Asia down as oil fall hits sentiment, dollar gets respite
Asian stocks fell on Thursday as falling oil prices added to global growth concerns, while the dollar saw a bit of a respite against the yen and euro after successive sharp losses.
Spreadbetters expected the bearish tone for equities to continue into Europe, forecasting Britain's FTSE .FTSE to fall by as much as 0.3 percent at the open, and Germany's DAX .GDAXI and France's CAX .FCHI to start 0.4 percent lower.
MSCI's broadest index of Asia-Pacific shares outside Japan.MIAPJ0000PUS was down 0.7 percent as another large decline in oil prices took a heavy toll on energy shares and hit Wall Street hard overnight.
The volatile Shanghai Composite Index .SSEC shed earlier gains and fell 0.8 percent after regulators announced a flood of IPO approvals, which could signal authorities are growing increasingly concerned over the China markets' massive rally in the last two weeks.
Brent crude LCOc1 ticked up 0.8 percent to $64.73 a barrel but stayed within reach of a five-year low hit in the previous session, with the market's bearish tone largely intact.
The dollar edged up 0.3 percent to 118.165 yen JPY=, getting some respite after retreating to as low as 117.445 from a seven-year high of 121.86 reached on Monday.
"Recent nervousness in equity market sentiment is consistent with our view that equity fund positioning is near peak levels, which points to a near-term pullback," strategists at Barclays said in a note to clients.
"With underperformance by active managers, we worry that redemptions will continue and force an unwind of currently extended positioning," they said.
In addition to declining oil, concerns over the political situation in Greece have also dented appetite for risk assets.
The euro was steady at $1.2449 EUR= after rising to $1.2496. The common currency had rallied back from 2-1/2 year trough of $1.2247 hit on Monday before losing steam.
Despite the recent volatility displayed by the dollar, the divergence in U.S. monetary policy from Europe and Japan could continue to favor the greenback in the long term.
New Zealand's central bank governor said he expected to see the most quantitative easing since 2011 around the world next year, particularly as economic risks in Japan and Europe remain.
"There are question marks around Japan and certainly in Europe," Reserve Bank of New Zealand Governor Graeme Wheeler told a media briefing.
The RBNZ on Thursday held its benchmark rate at a near six-year high and signaled further modest rate rises over time.

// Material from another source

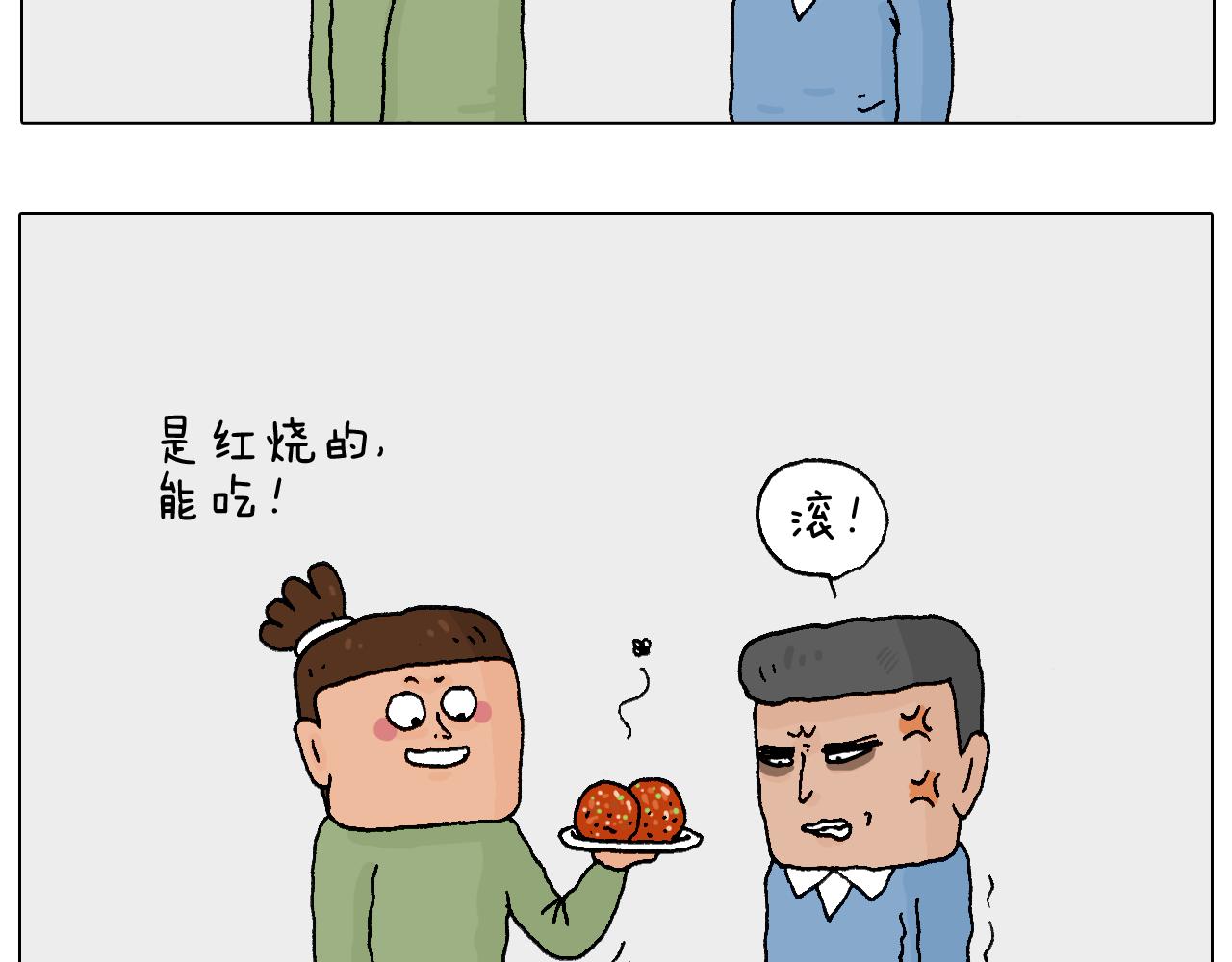 叫我森先生 - 處亂不驚森先生(2/2) - 2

That propelled the New Zealand dollar NZD=D4 to a nine-day high of $0.7872 and away from a 2-1/2 year low of $0.7609 plumbed Tuesday.

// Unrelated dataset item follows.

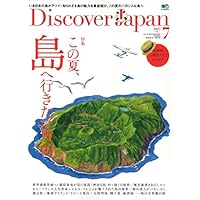 Discover Japan 2017年7月号 小さい表紙画像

The Australian dollar rose 0.1 percent to $0.8325 AUD=D4 after data revealed Australian employment in November showed a much higher than expected rise.
The Aussie, another recent beneficiary of the retreating greenback, had fallen to a 4-1/2 year low of $0.8223 on Tuesday.
Safe-haven government debt remained better-bid. The benchmark 10-year Japanese government bond yield JP10YTN=JBTC touched 0.390 percent, its lowest since April 2013.